Data to examine
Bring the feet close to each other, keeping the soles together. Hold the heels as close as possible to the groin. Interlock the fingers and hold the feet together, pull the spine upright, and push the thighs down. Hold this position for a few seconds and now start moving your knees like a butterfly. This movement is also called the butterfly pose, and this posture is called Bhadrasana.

---

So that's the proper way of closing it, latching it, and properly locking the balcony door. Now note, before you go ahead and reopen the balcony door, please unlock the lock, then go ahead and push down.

--

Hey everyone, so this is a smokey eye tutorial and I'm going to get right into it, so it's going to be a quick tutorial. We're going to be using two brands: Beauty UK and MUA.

What the exercise asks
Copy out each line in the preceding records that contains "this".

Solution to the exercise
Bring the feet close to each other, keeping the soles together. Hold the heels as close as possible to the groin. Interlock the fingers and hold the feet together, pull the spine upright, and push the thighs down. Hold this position for a few seconds and now start moving your knees like a butterfly. This movement is also called the butterfly pose, and this posture is called Bhadrasana.
Hey everyone, so this is a smokey eye tutorial and I'm going to get right into it, so it's going to be a quick tutorial. We're going to be using two brands: Beauty UK and MUA.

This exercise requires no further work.